Source material =
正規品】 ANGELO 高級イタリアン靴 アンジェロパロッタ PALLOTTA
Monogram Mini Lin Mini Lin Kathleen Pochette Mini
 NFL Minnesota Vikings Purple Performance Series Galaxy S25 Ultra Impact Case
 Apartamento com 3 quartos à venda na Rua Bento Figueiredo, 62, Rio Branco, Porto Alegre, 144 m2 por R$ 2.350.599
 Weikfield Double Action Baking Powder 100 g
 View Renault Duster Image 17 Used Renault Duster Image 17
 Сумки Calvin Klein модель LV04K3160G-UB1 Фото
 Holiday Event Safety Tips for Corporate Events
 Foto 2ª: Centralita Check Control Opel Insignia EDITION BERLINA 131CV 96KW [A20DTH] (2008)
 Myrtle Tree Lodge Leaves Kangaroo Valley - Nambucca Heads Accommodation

Activity = Only these are to be transcribed: the line with "View Renault Duster" and every line after it through the last line of the entries, each exactly.

Final answer =
 View Renault Duster Image 17 Used Renault Duster Image 17
 Сумки Calvin Klein модель LV04K3160G-UB1 Фото
 Holiday Event Safety Tips for Corporate Events
 Foto 2ª: Centralita Check Control Opel Insignia EDITION BERLINA 131CV 96KW [A20DTH] (2008)
 Myrtle Tree Lodge Leaves Kangaroo Valley - Nambucca Heads Accommodation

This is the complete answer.